Sublimement dérangent, un amour dans un seul sens à une obsession qui vire au drame. Un casting vraiment incroyable. Un mise en scène dérangeante qui nous pousse à regarder jusqu'à la fin.
J'ai accroché et aimé. Très osé dans énormément de scènes, à la limite du choquant clairement, le film ne laisse pas indemne et on a envie de comprendre l'intrigue jusqu'au bout. Photographie plus qu'excellente avec un jeu d'acteur remarquable surtout pour Barry Keoghan et Jacob Elordi. Bémol je trouve que le film manque de qualité ailleurs comme un scénario pas à la hauteur au final.

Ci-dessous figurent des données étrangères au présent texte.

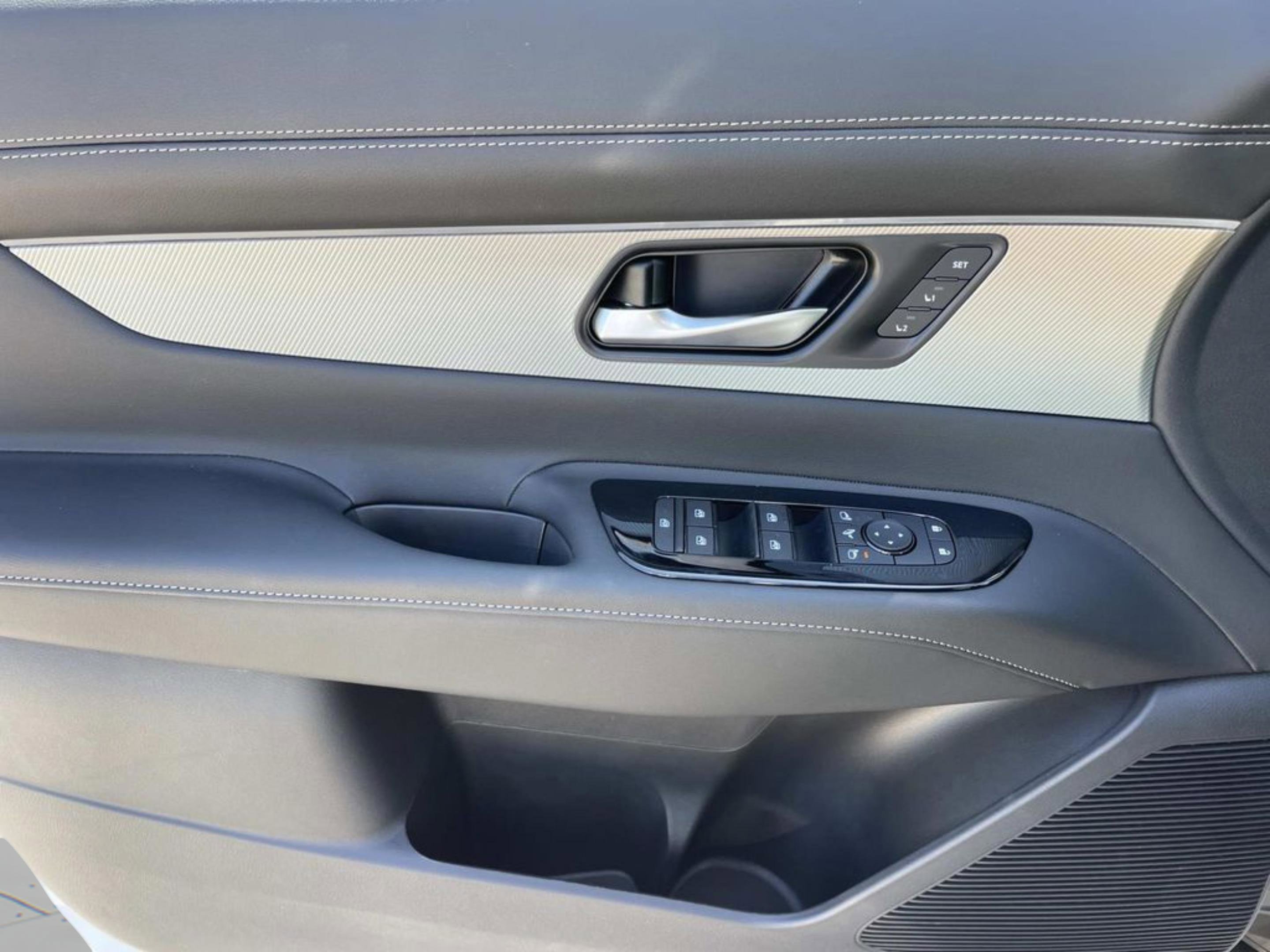New 2026 Everest White Pearl TriCoat / Super Black Two-tone Nissan Platinum image 23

J’ai beaucoup apprécié l’atmosphère du film, à la fois malaisante, intrigante et démesurée. Le choix des acteurs est très bon selon moi ! spoiler: Par ailleurs, le personne principal est très apathique, nous faisant ressentir une certaine peine de prime abord et par la suite, nous renvoie une image détestable et troublante à la fois…
du déjà vu: ce film mélange les styles ( les moments gothiques sont très beaux- ceux érotique tièdes) sans trouver son identité. Enfin dès lors qu'on comprend qui est vraiment le personnage principal cela annule une éventuelle critique sociale (certes déjà vue) et au final on est juste face à un psychopathe. De l'esbrouffe.
Un film rempli d'incohérences, et qui mériterait un 1, sauf pour les 5 dernières de fin, même si elle est prévisible. spoiler: La police semble ne servir qu'à ramasser les corps, ne s'étonne pas de la soudaine hécatombe "d'accidents", les différentes femmes ne servent que de faire-valoir ou de trophées, c'est selon.... Et le côté très dérangé sexuellement du "héros" est surjoué.
Bref, un film sans envergure, sans logique et pas très convaincant... Il y a juste quelques répliques, surtout au début, qui sauvent un peu de l'ennui total.